Berline 34 years old
In the four years, I traveled to Haiti, I remember Berline because her house sits at the top of a tall hill and every day as I would pass while walking to the orphanage, she would stand up and wave to me and smile. She has such a genuine smile and soul and it took two years before I actually met her face to face. As soon as we met, she hugged me and wouldn’t let go.
Berline was raised by a father and mother who had a steady relationship throughout her whole childhood. Her mom taught her how to cook and do laundry and ever since she was 6 years old, she has been a professional at it. Berline’s father has recently passed away and so her mother now lives at her house with her and is able to be involved with her life and her children. Berline does not have a job but she grows corn and watermelon in her garden in which she sells at the market every Tuesday.
Berline has four children and she could not even put into words how much she loves them. “My favorite thing about being a mom is when my children include me in their games, it always makes me feel as though I am their age again. Sometimes we run around and play make-believe games, making houses between the laundry hanging on the clothesline, other times we sit and we talk and joke together”. Berline and her daughter have the same exact wide and bright smile that you can see from a mile away. I have known her youngest daughter for 4 years now. My friends and I called her “the market girl with the beautiful smile”, but now we know her as Berlin’s daughter, Lovenaika. Berline had mentioned that she sometimes cannot provide her children with the right nutrients and when that happens, kids in Haiti often deal with their hair turning a light shade of red which indicates malnourishment. Berline loves to sit and braid her children’s hair but for a few months, she has not been able to braid her youngest son’s hair because it is malnourished and painful. He is the one sitting on her lap in the photo.
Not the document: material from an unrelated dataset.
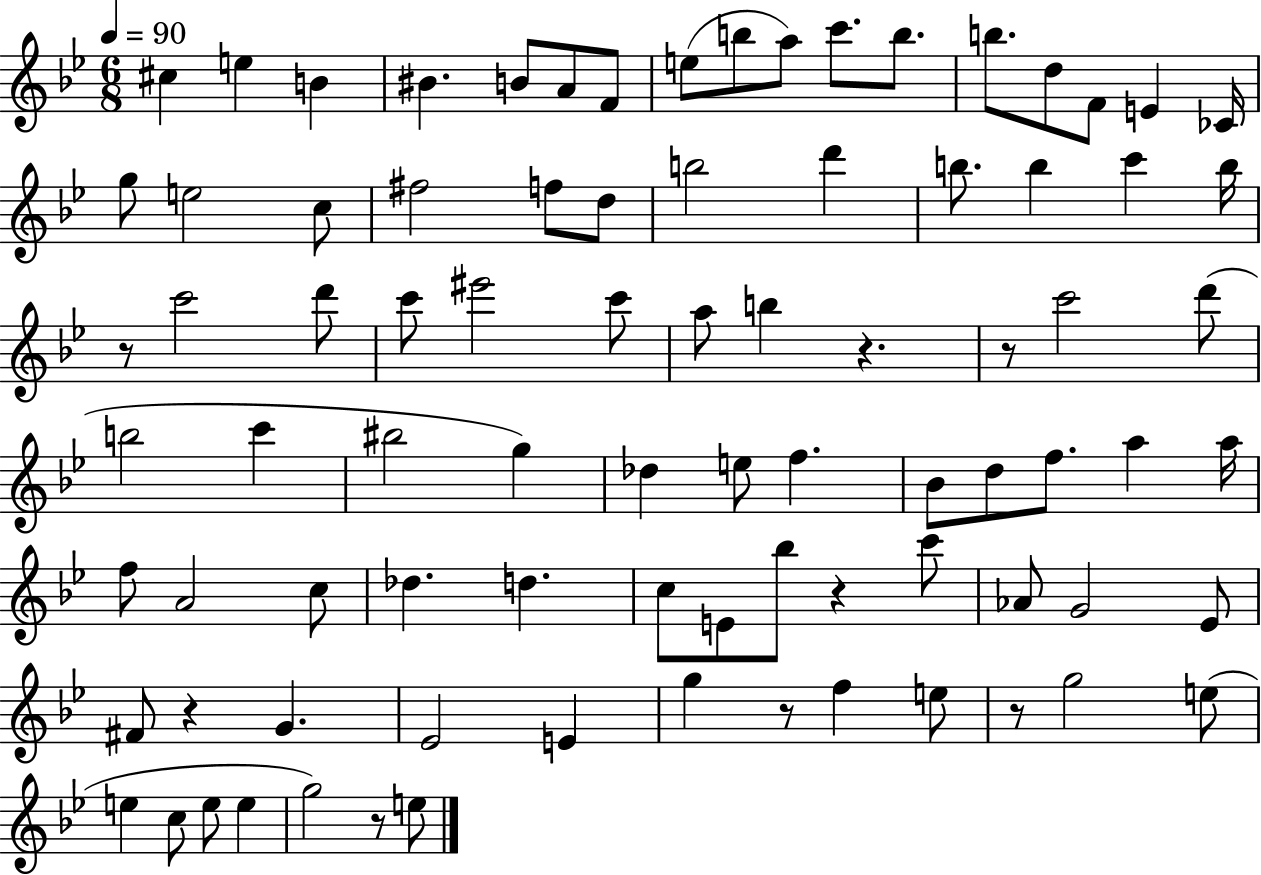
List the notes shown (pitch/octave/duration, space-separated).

C#5/q E5/q B4/q BIS4/q. B4/e A4/e F4/e E5/e B5/e A5/e C6/e. B5/e. B5/e. D5/e F4/e E4/q CES4/s G5/e E5/h C5/e F#5/h F5/e D5/e B5/h D6/q B5/e. B5/q C6/q B5/s R/e C6/h D6/e C6/e EIS6/h C6/e A5/e B5/q R/q. R/e C6/h D6/e B5/h C6/q BIS5/h G5/q Db5/q E5/e F5/q. Bb4/e D5/e F5/e. A5/q A5/s F5/e A4/h C5/e Db5/q. D5/q. C5/e E4/e Bb5/e R/q C6/e Ab4/e G4/h Eb4/e F#4/e R/q G4/q. Eb4/h E4/q G5/q R/e F5/q E5/e R/e G5/h E5/e E5/q C5/e E5/e E5/q G5/h R/e E5/e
Berline has been known for making extremely good mamba on flatbread. Mamba is made out of peanuts in which she grows herself. She cooks the peanuts in oil and grinds them down to a smooth paste and sometimes she adds some sugar when she has some. Following her interview, she made us each some mamba on bread as a ‘thank you’ gift for sitting and talking with her. “You are my friends and I want you to taste something I am very proud of”.
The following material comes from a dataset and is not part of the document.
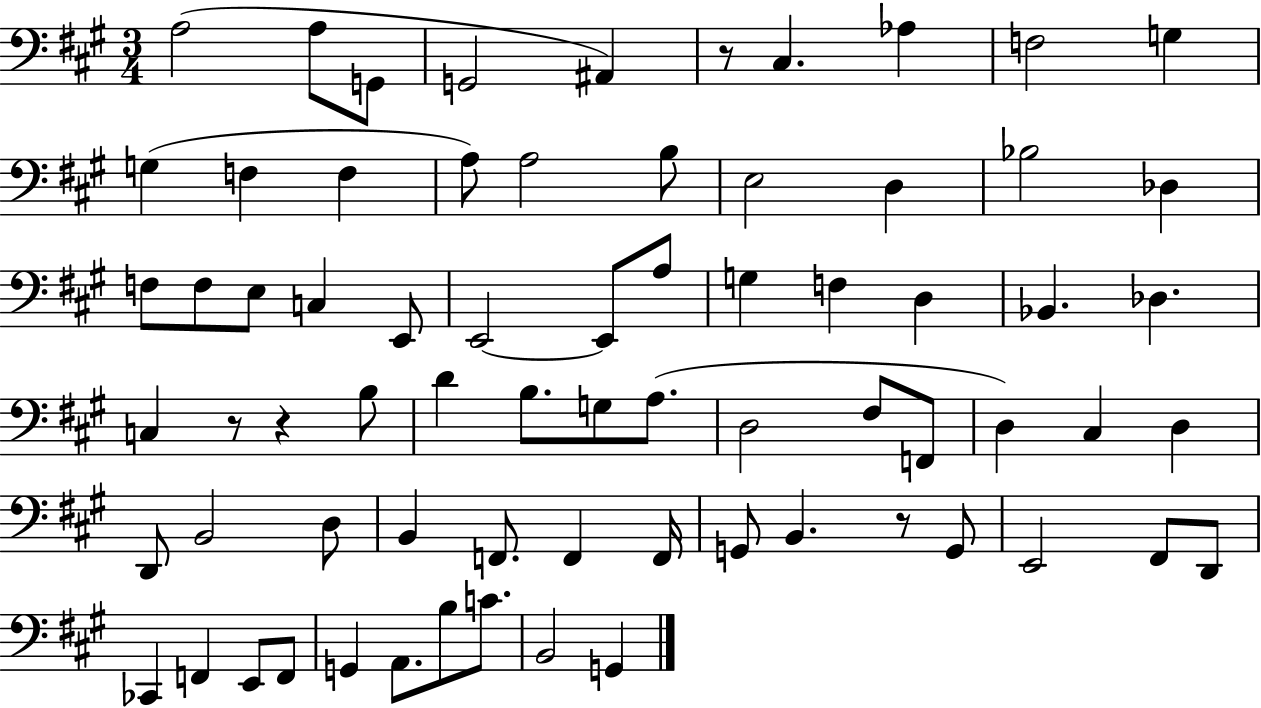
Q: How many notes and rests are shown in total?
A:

Berline talked for a while about her discomfort with the way Haitian women cannot find jobs. “It is easier for men to work because there are more jobs readily available for them, but very few men return home to help their wives and children financially which is why I wish I made enough money to cook dinner each night”.
Throughout the many interviews I experienced during my time in Haiti, Berline was the first woman who was able to say that she dreamed big dreams for her life. “I dream often. I dream to find an objective in my life. I dream of being able to travel and figure out more about the world”. Berline said that she will always stay in Ti Palmiste. She loves the people around her, she loves the motos, she loves the market day and she loves how hospitable everyone is. “When one of my people needs help, I help them. When I need help, they help me”. Berline says that she is thankful for her friends because they make her laugh and once a year they all take their children to the beach to play in the water and sand. “We listen to music and have a good time enjoying each other’s company, and taking in all that our country is to us. My life has never been lonely, it always seems as though there is someone who wants to be around me and enjoy my company”.
Berline sees so much good in the world. Despite the impoverished place she lives. Some afternoons on my walk to the orphanage she would run down the rocky path from the hill, where her house was, just to hold my hand and walk with me up the steepest part of the road. To me, that is a great depiction of who is is as a person.